Changing Pakistani women’s lives, one sip of tea, one bike ride at a time

Sadia Khatri is determined to change the lives of women and girls in Pakistan—one tea-sipping, snacking, strolling, bicycle-riding excursion at a time.  The story of Sadia, a native of Karachi, Pakistan’s most populous city, and her activism began with her decision to go to college in America. Sadia landed at Mount Holyoke, a prestigious, all-women’s college in South Hadley, Massachusetts. Sadia’s American experience changed her life. It seems possible that the sense of empowerment brought back to Pakistan by this one young woman might end up changing the lives of thousands of women and girls in cities across Pakistan.

Sadia’s epiphany came to her after she returned to Karachi and realized that the lifestyle she’d enjoyed as a woman in America, particularly the freedom to go out alone with no purpose other than to enjoy being out in a public space, shed a harsh light on the constrained lives of women and girls in her hometown. As Sadia explains, male-dominated traditions, misperceptions about safety for women, and both subtle and overt social mores dictated that females have a male companion or chaperone accompany them in public spaces—whether that be a male friend, a father, or a brother. As a budding feminist and a young woman who had experienced the unfettered freedom of women in America, Sadia was seized with a passion for change.

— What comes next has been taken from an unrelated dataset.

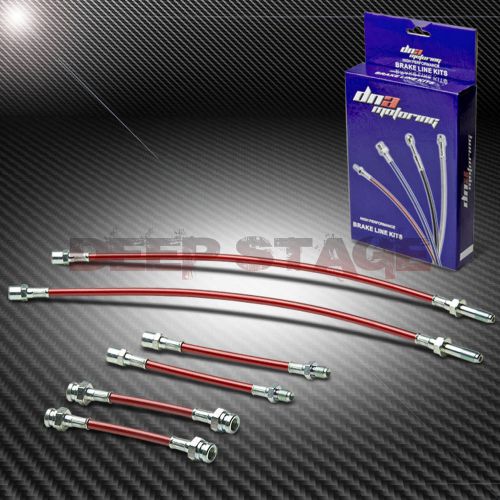 Stainless braided hose racing red brake hose line for 93-98 vw golf/jetta mk3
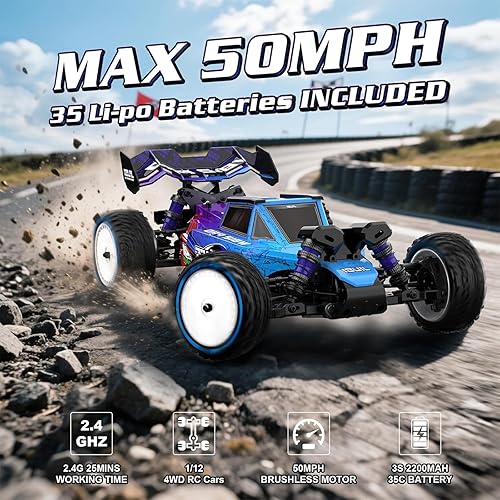 Miniatura 9 de Camiones RC sin escobillas 114 para adultos, camión todo terreno impermeable de 50 mph 4WD y sistema de carga rápida de 20 W con control remoto de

Fueled by a new sense of self-confidence and a belief in the collective organizing they’d discovered in America, in 2015 Sadia and Atiya Abbas, a friend who had also observed on her own travels the contrast between the freedoms of women living abroad and the cramped lives of women in Pakistan, founded the feminist collective Girls at Dhabas.

The framework for their public protest is simple but brilliant and effective. Dhabas, which are popular, casual roadside cafes for locals and truckers, are places where men traditionally gather to drink tea, snack, and socialize. These are public spaces where the lone woman or girl traditionally was not welcomed. Girls at Dhabas encourages women to venture out alone to interact with public spaces, like the dhabas, in order to erase the fear of being out alone and to build a level of comfort with utilizing the public spaces in their cities.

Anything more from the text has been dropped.